The foodstuff to be treated refers to a foodstuff to be treated by the combined device, such as a foodstuff to be sterilized and a foodstuff to be dried. The foodstuff to be treated may be refrigerated or frozen after being sterilized and dried.

The foodstuff type of the foodstuff to be treated refers to a type of the foodstuff to be treated, such as a vegetable, meat, a grain, etc. The particle size of the foodstuff to be treated refers to a physical size of the foodstuff to be treated, such as a length, a width, a thickness, etc.

In some embodiments, the processor may determine the foodstuff type of the foodstuff to be treated and the particle size of the foodstuff to be treated based on the image data.

In some embodiments, the processor may determine the foodstuff type of the foodstuff to be treated and the particle size of the foodstuff to be treated based on the image data using various manners. For example, the processor may determine the foodstuff type of the foodstuff to be treated and the particle size of the foodstuff to be treated using a conventional computer vision approach, such as edge detection, color analysis, shape matching, or the like. As another example, the processor may determine the foodstuff type of the foodstuff to be treated and the particle size of the foodstuff to be treated using a machine learning model, such as a convolutional neural network (CNN), a support vector machine (SVM), or the like.

The candidate parameter sets refer to candidate operation parameters of the combined device.

In some embodiments, the processor may generate the plurality of candidate parameter sets. Each of the plurality of candidate parameter sets may include candidate heating power for the heating plate 126 and a candidate first transmission speed for the first conveyor belt 122.

In some embodiments, the processor may generate the plurality of candidate parameter sets in various manners. For example, a plurality of similar candidate parameter sets may be generated based on historical data and prior experience by analyzing effective parameters (e.g., the heating power and the speed of the conveyor belt) used in previous treatment of similar foodstuffs. As another example, heating power and transmission speeds within a certain range may be selected as the plurality of candidate parameter sets based on factors such as the foodstuff type and the particle size.

In some embodiments, the processor may predict an estimated sterilizing effect and a estimated drying effect corresponding to each of the plurality of candidate parameter sets by using the first effect prediction model. Then the processor may determine a target parameter set based on the estimated sterilizing effect and the estimated drying effect corresponding to each of the plurality of candidate parameter sets, and determine the heating power and the first transmission speed in the target parameter set as the heating power of the heating plate 126 and the first transmission speed of the first conveyor belt 122.
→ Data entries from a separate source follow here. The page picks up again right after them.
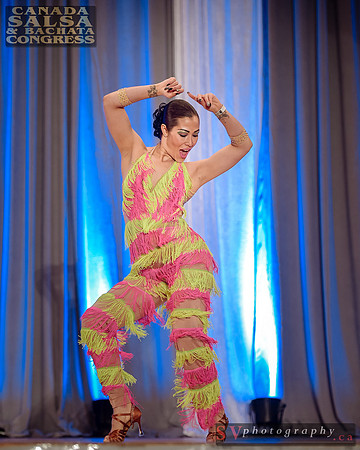 Canada Salsa & Bachata Congress
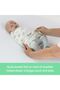 Swaddleme By Originial Heart Swaddle 2Pk 0-3M - Born Free - 5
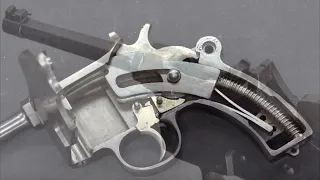 "Новый взгляд на стрельбу: история создания прототипа пистолета с уникальным затвором"
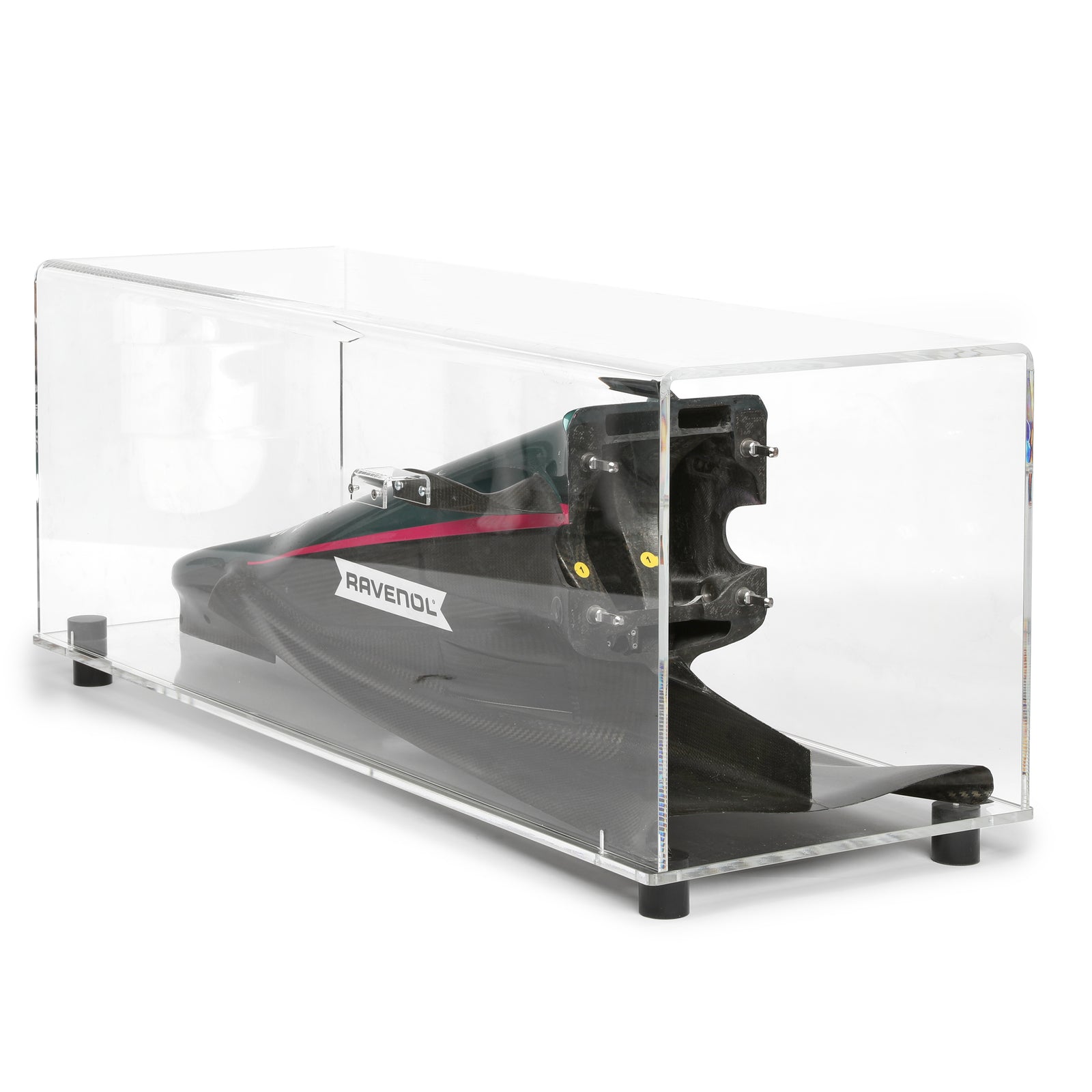 LOT 539 - Aston Martin AMR21 F1 Team 2021 Nose Cone Table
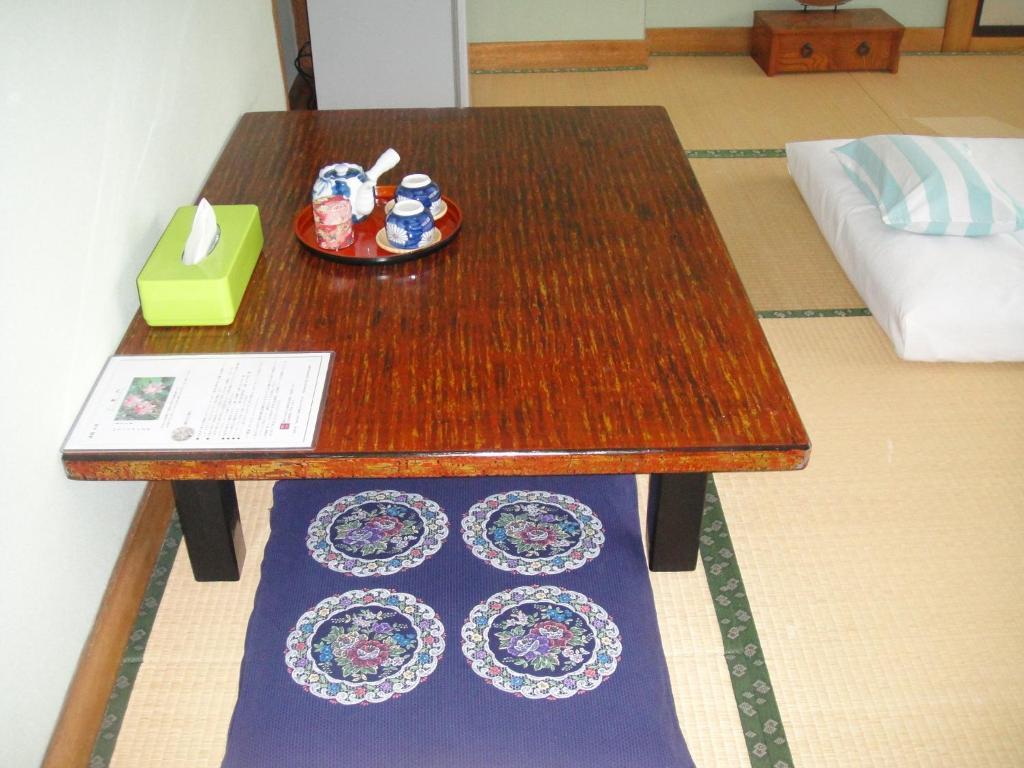 Ryokan Matsukaze Matsumoto Room photo
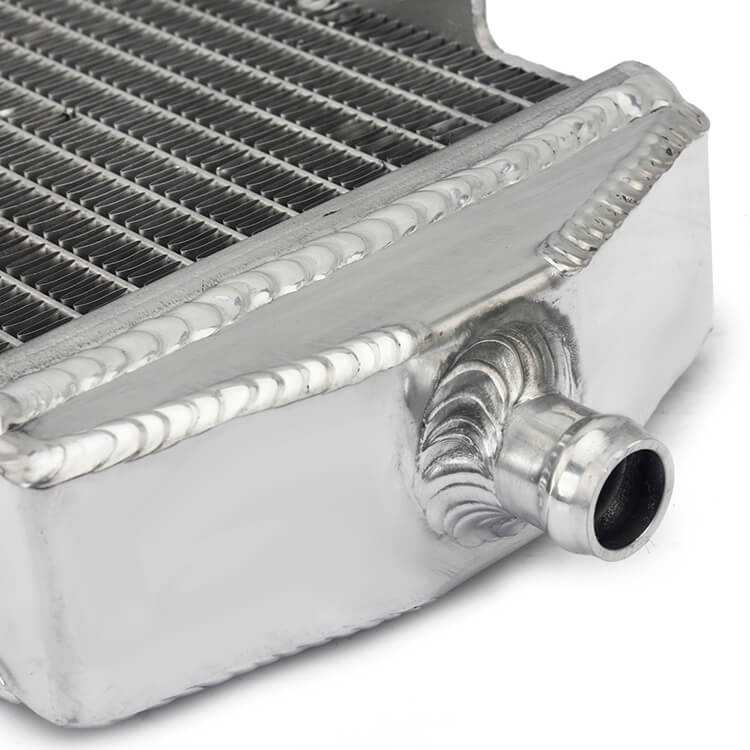 MX Aluminum Water Cooler Radiators for Sherco SE 250 / 300 IF 2013 9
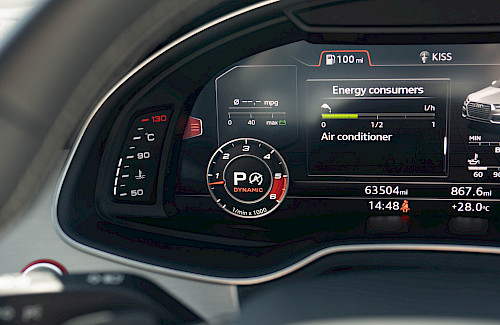 2017/17 Audi SQ7 Quattro 55...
In some embodiments, the processor may use the candidate parameter set corresponding to the estimated sterilizing effect and the estimated drying effect that satisfy a predetermined condition as the target parameter set. For example, the estimated sterilizing effect and the estimated drying effect may be expressed as a value from 0 to 10, and the processor may use a candidate parameter set corresponding to a largest sum of the estimated sterilizing effect and the estimated drying effect as the target parameter set.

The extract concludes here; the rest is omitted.